Beyond Query Optimization: Aurora Postgres Connection Pooling with SQLAlchemy & RDSProxy

The main limitation of using an external proxy with transaction pooling is that Postgres’ session-based features will not work correctly. This means any kind of “SET XXXX” will not work. Also, historically, prepared statements have also been a problem. However, AWS introduced some enhancements to RDSProxy to support prepared statements in late 2023 and we never encountered any issues.

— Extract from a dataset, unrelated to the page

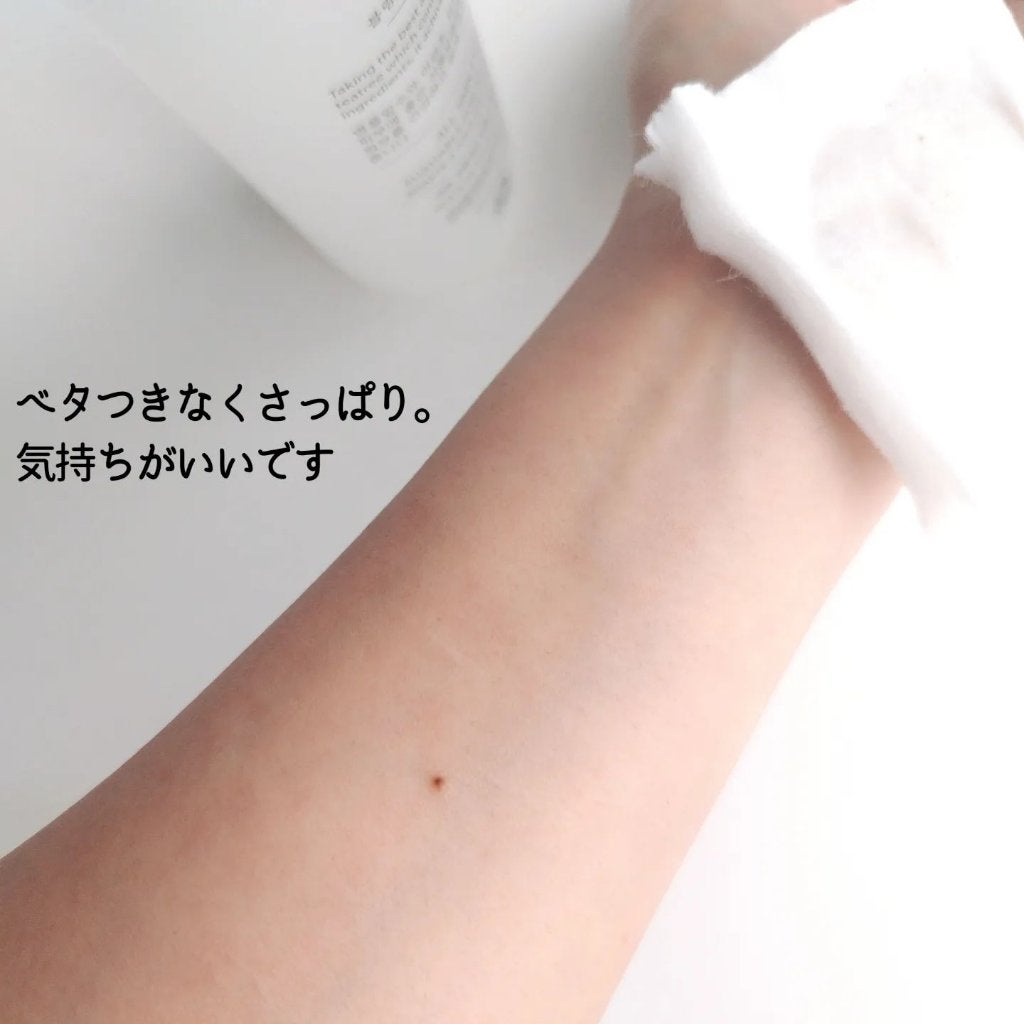 マジックシカトナー/ブラン/化粧水を使ったクチコミ(5枚目)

We encountered several issues when rolling out RDSProxy in our test/prod environment:

Statement timeout

When connecting with the database using the proxy, we received the following error:

sqlalchemy.exc.OperationalError: (psycopg2.OperationalError) connection to server at "aurora.reader.proxy.com" (10.0.146.4), port 5432 failed: FATAL: Feature not supported: RDS Proxy currently doesn't support command-line options.

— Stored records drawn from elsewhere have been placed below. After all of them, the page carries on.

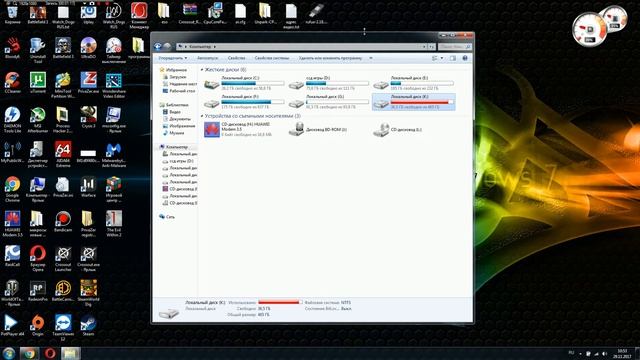 0x80070091 папка не пуста. Не удается удалить файл из-за непредвиденной ошибки. Как удалить папку с ошибкой 0x80070570. Не удается удалить файл из-за непредвиденной ошибки. 0x80070091 папка не пуста.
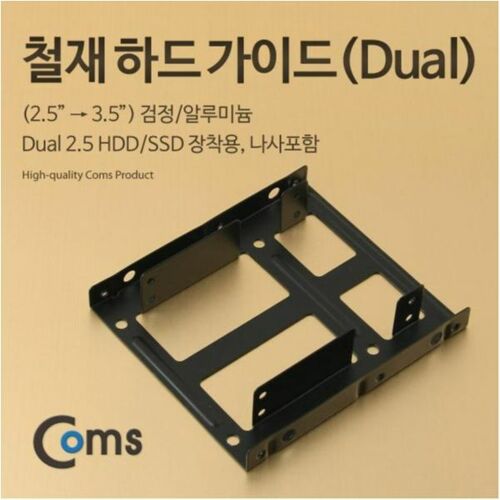 [Coms] 하드 가이드 철재(2.5 -> 3.5) 검정, 2.5 HDD/SSD*2 장착용, 나사포함[KS982]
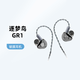 逐夢(mèng)鳥(niǎo)GR1 鈹膜鋁合金入耳式HiFi可插拔2pin0.78有線(xiàn)耳機清晰高音質(zhì) 啞光銀【3.5mm圓頭】帶麥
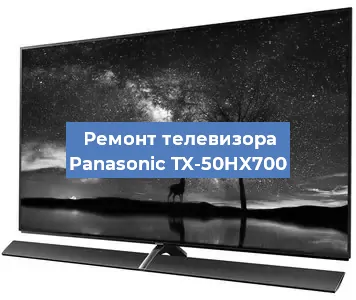 Замена матрицы на телевизоре Panasonic TX-50HX700 в Екатеринбурге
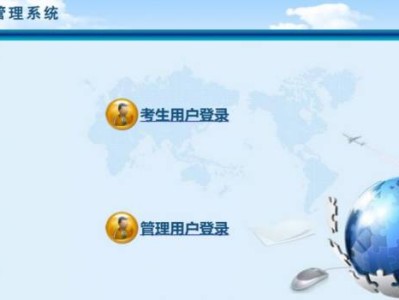 东莞中考查分网站登录入口（2025年）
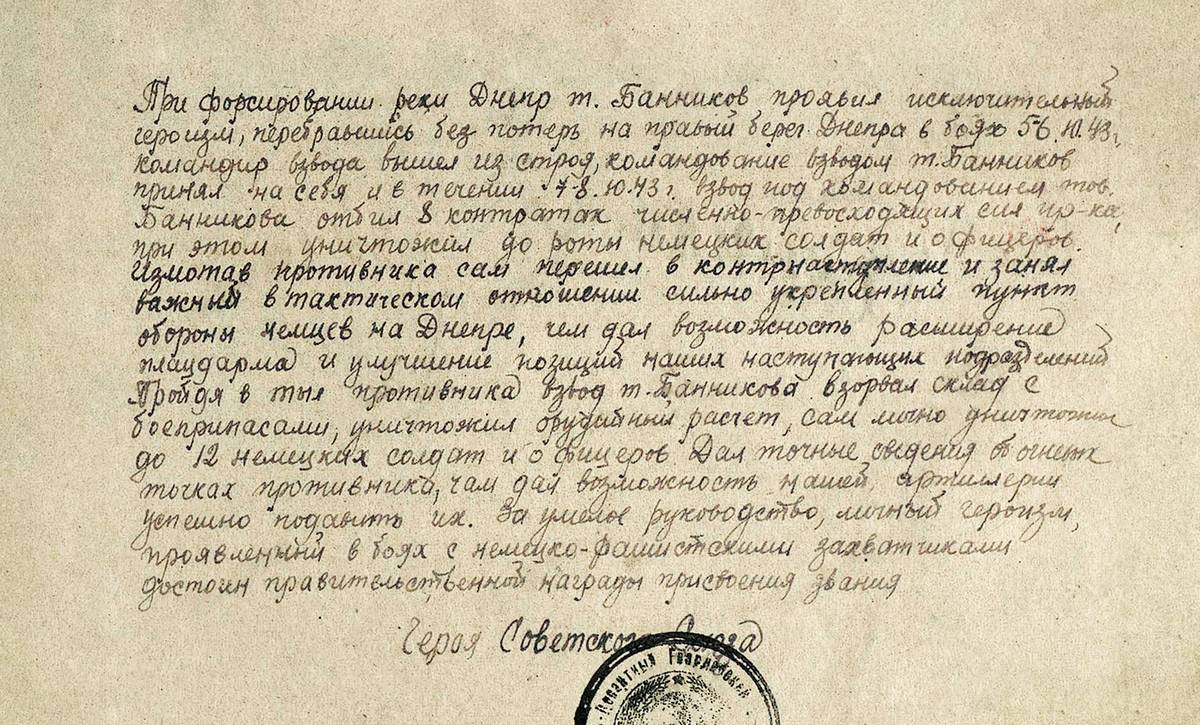 Банников Георгий Емельянович — документ 1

The reason for this was the following configuration in our settings files:

SQLALCHEMY_ENGINE_OPTIONS = {'connect_args': {'options': '-c statement_timeout={timeout}'.format(
timeout=str_env('POSTGRES_STATEMENT_TIMEOUT')
)}}

To overcome this issue, we decided to set the statement_timeout at the user level and removed the SQLALCHEMY_ENGINE_OPTIONS:

ALTER ROLE scott SET statement_timeout = '5s';

Session pinning

This is probably the most important issue to be mindful of when moving to RDSProxy. Normally, RDSProxy optimizes database connections by multiplexing multiple client requests over fewer actual database connections. However, some database session states require a persistent connection to a specific backend instance, forcing RDSProxy to “pin” that session. The pinning of sessions reduces how many connections are available for reuse. To get the most benefit from connection pooling, it is worth minimizing behaviors that trigger session pinning.

Session pinning: How to catch them?

Conveniently, RDSProxy charts all occurrences of session pinning in the monitoring tab of the RDSProxy called “DatabaseConnectionsCurrentlySessionPinned.”

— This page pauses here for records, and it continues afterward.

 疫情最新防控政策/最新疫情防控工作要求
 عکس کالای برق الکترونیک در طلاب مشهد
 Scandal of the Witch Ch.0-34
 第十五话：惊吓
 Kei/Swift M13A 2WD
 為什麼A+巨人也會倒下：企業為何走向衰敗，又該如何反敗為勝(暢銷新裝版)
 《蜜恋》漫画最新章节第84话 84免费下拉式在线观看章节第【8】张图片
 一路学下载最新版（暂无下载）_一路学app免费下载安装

Session pinning metrics from AWS cloudwatch

In addition, it logs the cause of the session pinning as well. These logs can be found in CloudWatch at a WARN level and include the text, “The client session was pinned to the database connection . . .”.

We did encounter some rare queries which are session pinned, for which we never found the source of this session pinning where the SQL query exceeded the 16384 byte limit:

Example session pinning Cloudwatch log

RDSProxy does not log these SQL statements even with Enhanced Logging enabled. We attempted to find this query on the database side. Unfortunately, we could never find this query in pg_stat_statements. Probably because pg_stat_statements stores a parameterized version of the query that could be much shorter than the actual one. Especially, if it is a query with an IN clause looking for a lot of values. The only other alternative is logging every statement in the database to try and find them. But, given how rare the session pinning incidents are, we have not attempted to do that as of yet.

Apart from this instance, we went ahead and addressed each of the following session pinning issues:

Advisory lock_timeout

We had several flows in our application using advisory locks with varying timeouts.

db.session.execute('SET lock_timeout=3000');

This changes the state of the session and requires session pinning. One option was to set the lock_timeout at the user level. However, because each flow had a different timeout requirement, we opted to use SET LOCAL which is transaction-scoped and does not create session pinning.

db.session.execute('SET LOCAL lock_timeout=3000');

Sequence numbers

We had some legacy flows relying on sequence number generation in our write APIs. We had to refactor our code to ensure that we rely on the auto-incremented value generated on writes to the DB and not generate the sequence using nextval().

There are many other reasons why session pinning occurs. A full list is available in the official AWS documentation

Query latency

Due to an extra network hop added by the proxy, there will be some latency introduced. For our application, most of the APIs did not see any significant increase in latency. There was one API which was latency sensitive and we chose to directly connect with the reader instead of using the proxy. We will evaluate this API in future so see if we can change the query patterns.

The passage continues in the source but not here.